» **Data provided**:
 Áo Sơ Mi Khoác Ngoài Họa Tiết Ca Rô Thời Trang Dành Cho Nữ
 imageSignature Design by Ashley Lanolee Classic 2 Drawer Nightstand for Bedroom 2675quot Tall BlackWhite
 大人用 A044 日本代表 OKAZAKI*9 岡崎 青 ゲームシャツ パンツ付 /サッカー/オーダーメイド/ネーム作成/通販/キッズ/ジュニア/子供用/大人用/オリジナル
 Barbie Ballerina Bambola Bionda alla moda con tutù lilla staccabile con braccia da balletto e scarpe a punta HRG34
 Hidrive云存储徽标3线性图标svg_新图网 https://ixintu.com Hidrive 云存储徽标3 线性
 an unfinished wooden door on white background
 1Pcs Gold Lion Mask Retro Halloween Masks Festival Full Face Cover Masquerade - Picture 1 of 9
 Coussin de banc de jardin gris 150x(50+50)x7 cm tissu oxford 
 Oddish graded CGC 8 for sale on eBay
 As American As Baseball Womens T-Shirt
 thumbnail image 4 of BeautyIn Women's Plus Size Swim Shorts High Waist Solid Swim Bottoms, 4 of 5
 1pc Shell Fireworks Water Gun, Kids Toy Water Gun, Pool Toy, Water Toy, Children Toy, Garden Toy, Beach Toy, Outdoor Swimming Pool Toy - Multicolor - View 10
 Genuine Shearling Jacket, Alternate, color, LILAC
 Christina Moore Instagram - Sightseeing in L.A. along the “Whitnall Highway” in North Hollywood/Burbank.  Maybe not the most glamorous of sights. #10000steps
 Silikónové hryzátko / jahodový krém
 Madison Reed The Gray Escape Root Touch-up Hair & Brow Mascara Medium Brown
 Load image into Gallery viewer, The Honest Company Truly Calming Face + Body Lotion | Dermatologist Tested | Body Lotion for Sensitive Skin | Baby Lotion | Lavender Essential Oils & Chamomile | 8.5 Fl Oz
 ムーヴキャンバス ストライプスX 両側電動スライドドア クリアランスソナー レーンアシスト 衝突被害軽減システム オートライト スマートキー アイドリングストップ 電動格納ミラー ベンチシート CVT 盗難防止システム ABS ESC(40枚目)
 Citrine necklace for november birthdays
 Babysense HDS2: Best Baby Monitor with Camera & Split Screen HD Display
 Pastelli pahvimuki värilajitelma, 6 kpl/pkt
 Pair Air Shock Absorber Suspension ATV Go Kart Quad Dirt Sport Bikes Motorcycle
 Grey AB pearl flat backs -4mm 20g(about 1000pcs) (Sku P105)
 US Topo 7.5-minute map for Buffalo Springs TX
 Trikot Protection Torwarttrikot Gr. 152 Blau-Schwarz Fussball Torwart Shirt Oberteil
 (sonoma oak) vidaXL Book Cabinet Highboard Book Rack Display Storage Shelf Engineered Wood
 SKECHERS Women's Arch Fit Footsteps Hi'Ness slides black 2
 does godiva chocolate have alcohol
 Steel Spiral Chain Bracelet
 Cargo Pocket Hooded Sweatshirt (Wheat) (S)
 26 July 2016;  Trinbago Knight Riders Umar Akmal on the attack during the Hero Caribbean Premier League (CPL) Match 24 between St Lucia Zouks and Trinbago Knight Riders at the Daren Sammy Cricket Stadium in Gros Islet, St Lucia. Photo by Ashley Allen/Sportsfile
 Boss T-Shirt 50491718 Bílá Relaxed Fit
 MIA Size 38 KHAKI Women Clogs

» **Problem**: An exact copy of the lines from the one holding "(sonoma oak) vidaXL" through the end of the data is the whole answer.

» **Task response**:
 (sonoma oak) vidaXL Book Cabinet Highboard Book Rack Display Storage Shelf Engineered Wood
 SKECHERS Women's Arch Fit Footsteps Hi'Ness slides black 2
 does godiva chocolate have alcohol
 Steel Spiral Chain Bracelet
 Cargo Pocket Hooded Sweatshirt (Wheat) (S)
 26 July 2016;  Trinbago Knight Riders Umar Akmal on the attack during the Hero Caribbean Premier League (CPL) Match 24 between St Lucia Zouks and Trinbago Knight Riders at the Daren Sammy Cricket Stadium in Gros Islet, St Lucia. Photo by Ashley Allen/Sportsfile
 Boss T-Shirt 50491718 Bílá Relaxed Fit
 MIA Size 38 KHAKI Women Clogs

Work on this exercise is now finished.